** DATA PROVIDED follows **

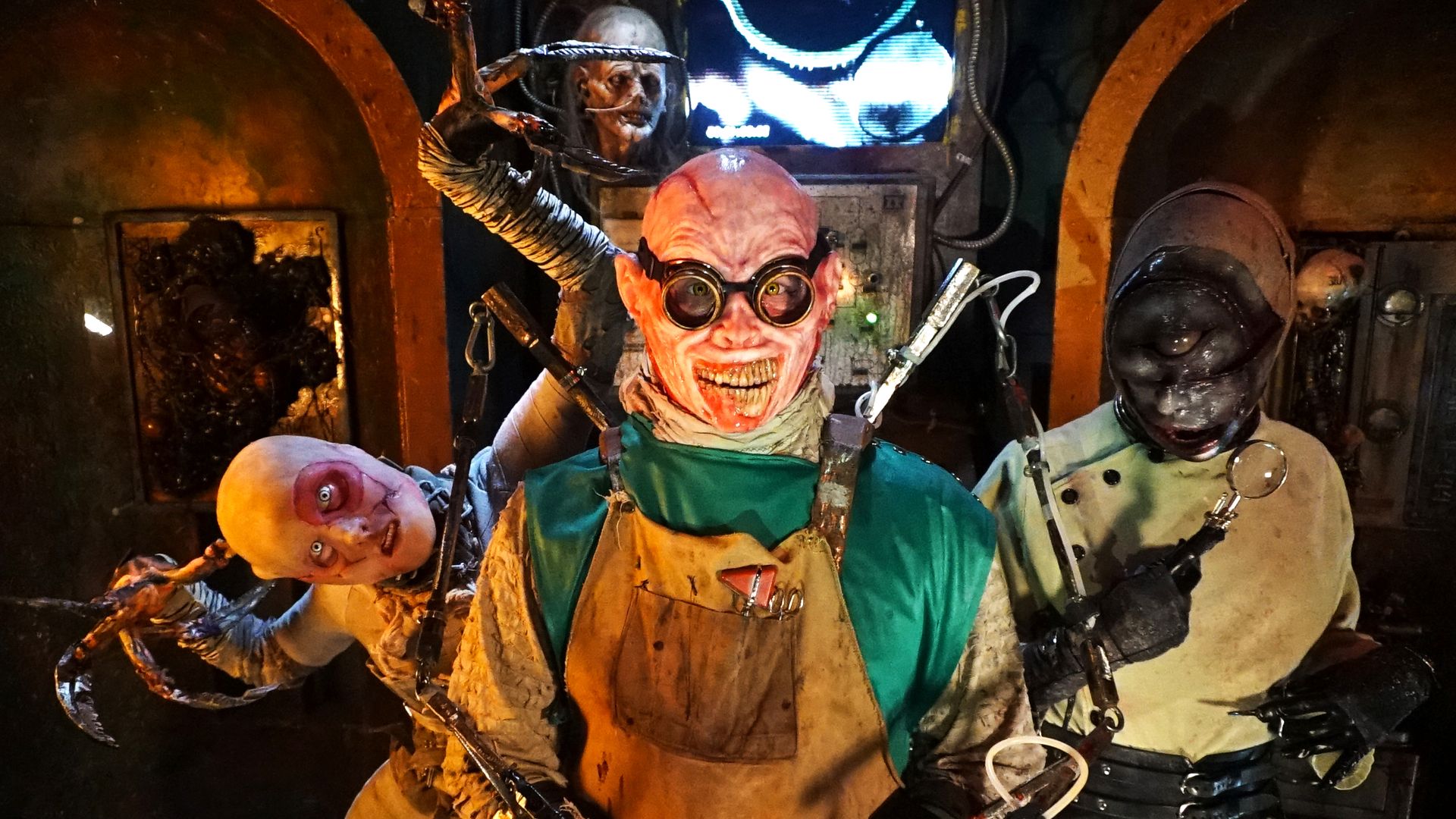 Three creepy characters in a dimly lit room wearing horror costumes with grotesque masks and mechanical claw-like arms, one with round glasses and a bloodied apron.
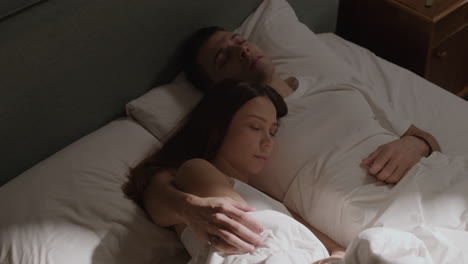 un couple qui dort dans un lit.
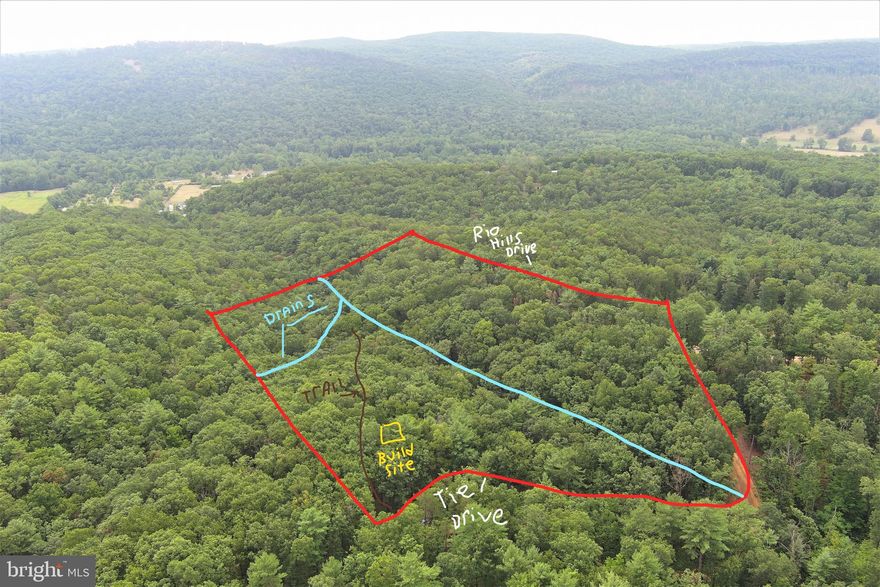 PRACTICALLY UNRESTRICTED.....8 WOODED ACRES IN THE SMALL DEVELOPMENT OF "RIO HILL" WHICH HAS VERY MINIMAL RESTRICTIONS AND A MINIMAL HOA FEE OF $75 PER YEAR......ASIDE FROM HAVING A JUNKYARD, COMMERCIAL BUSINESS OR RE SUBDIVIDING THE LOT.....YOU CAN PRETTY MUCH DO WHATEVER YOU WANT! VERY PRETTY LAND WITH 2 RIDGES AND 2 HOLLOWS, TOWERING HARDWOODS, 2 WET WEATHER DRAINS AND ELECTRIC AROUND 2 SIDES OF THE PROPERTY. VERY NICE BUILDING SITE OFF TIE DRIVE ON A RIDGE THAT WILL PROVIDE NICE WINTER VIEWS OF NORTH RIVER MOUNTAIN. ESTABLISHED ATV TRAIL GENTLY FOLLOWS THE RIDGE DOWN INTO THE BIG HOLLOW, EASY TO GET AROUND ON AND NOT TOO STEEP. THE BIG HOLLOW PROVIDES A GREAT BACKSTOP FOR SHOOTING AND IS AN EXCELLENT DEER CROSSING. HUNT, CAMP, SHOOT, ATV'S, TINY HOME, RV, SINGLE OR DOUBLE WIDE.....A SHORT DRIVE TO PUBLIC HUNTING & TROUT FISHING........ONLY 2 HOURS FROM DC! IF YOU'RE LOOKING FOR SOME LAND TO DO YOUR OWN THING ON AND HAVE A GOOD TIME ON THE CHEAP.....THIS ONE'S A SLAM DUNK!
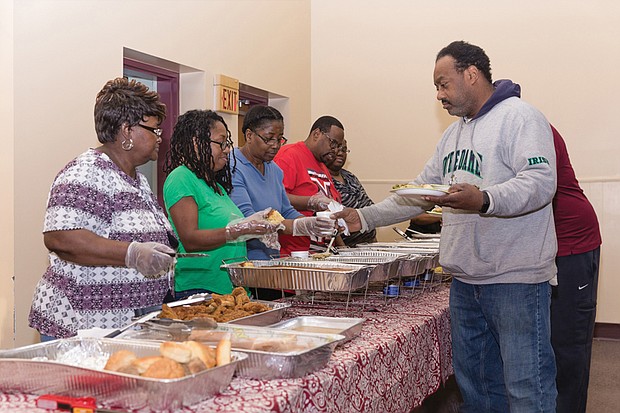 A pre-Thanksgiving blessing //

Thanksgiving arrived early when the Richmond Christian Center extended “A Thanksgiving Meal” to the less fortunate in the community last Saturday. The pre- Thanksgiving event featured all the delicious dishes of the season, with volunteers from the South Richmond church serving their guests. From left, servers Rose Austin, Benita Johnson, Sharon Owen, the Rev. Shawn Scott and Mary Scott offer helpings to Gregory Stallworth.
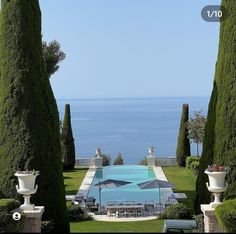 an outdoor swimming pool surrounded by tall trees and shrubs with the ocean in the background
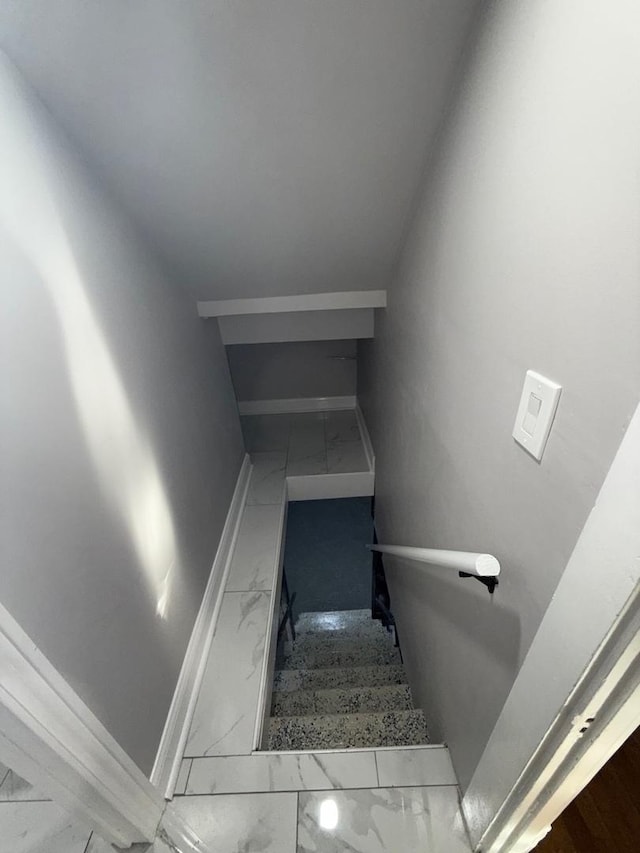 staircase featuring lofted ceiling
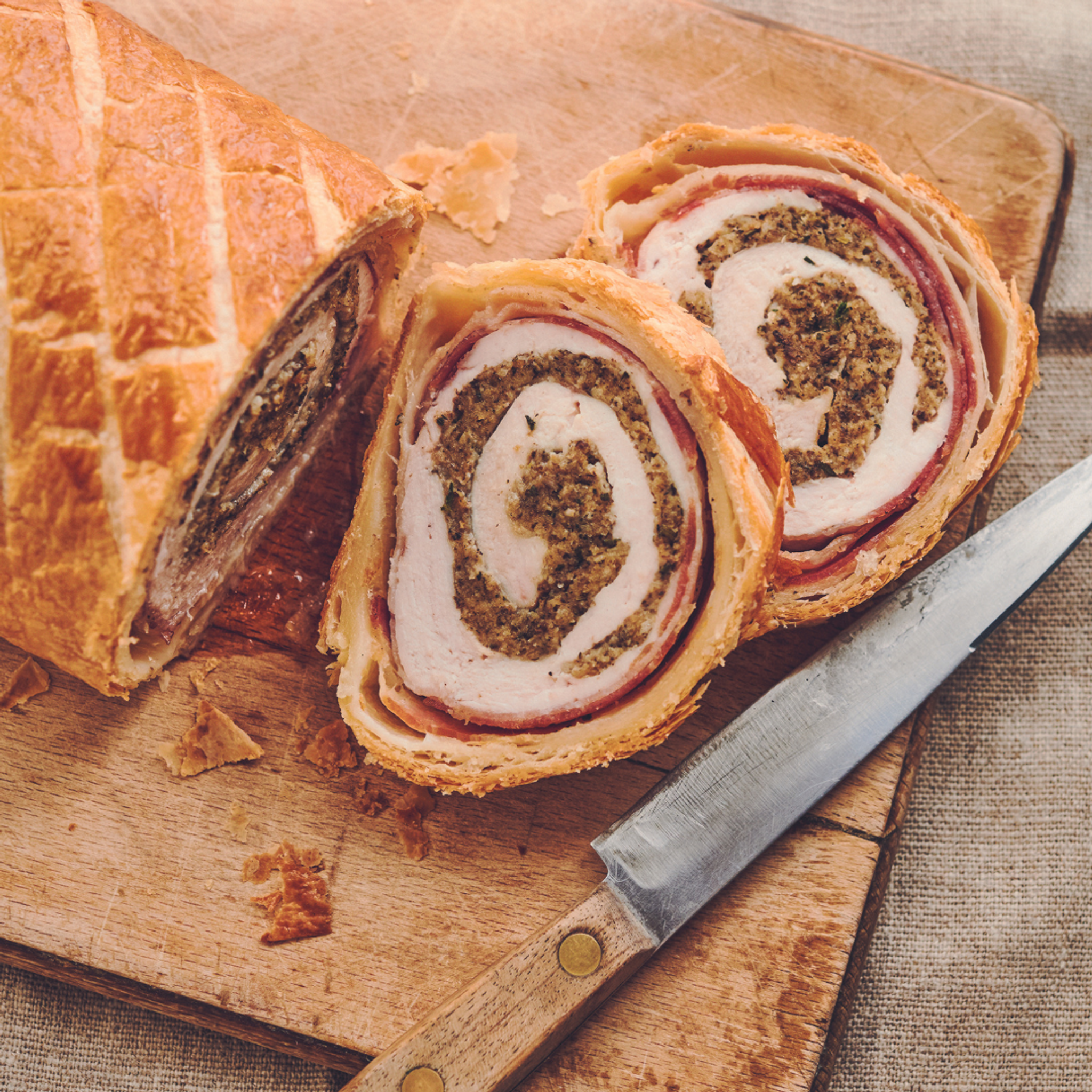 Chicken and mushroom wellington on wooden chopping board with knife
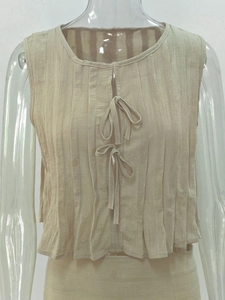 Detail of beige pleated sleeveless top featuring front dual bow tie closures and texture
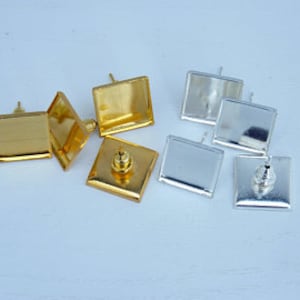 May include: Six square-shaped earring bases, three gold and three silver, with posts for attaching earring findings.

** End of DATA PROVIDED **

▶ _TASK DIRECTIONS_: The line that contains "Thanksgiving arrived early" begins the part to retype, and the last line of the records above ends it. Retype both and everything between, exactly, without the pictures.

▶ _TASK RESPONSE_:
Thanksgiving arrived early when the Richmond Christian Center extended “A Thanksgiving Meal” to the less fortunate in the community last Saturday. The pre- Thanksgiving event featured all the delicious dishes of the season, with volunteers from the South Richmond church serving their guests. From left, servers Rose Austin, Benita Johnson, Sharon Owen, the Rev. Shawn Scott and Mary Scott offer helpings to Gregory Stallworth.
 an outdoor swimming pool surrounded by tall trees and shrubs with the ocean in the background
 staircase featuring lofted ceiling
 Chicken and mushroom wellington on wooden chopping board with knife
 Detail of beige pleated sleeveless top featuring front dual bow tie closures and texture
 May include: Six square-shaped earring bases, three gold and three silver, with posts for attaching earring findings.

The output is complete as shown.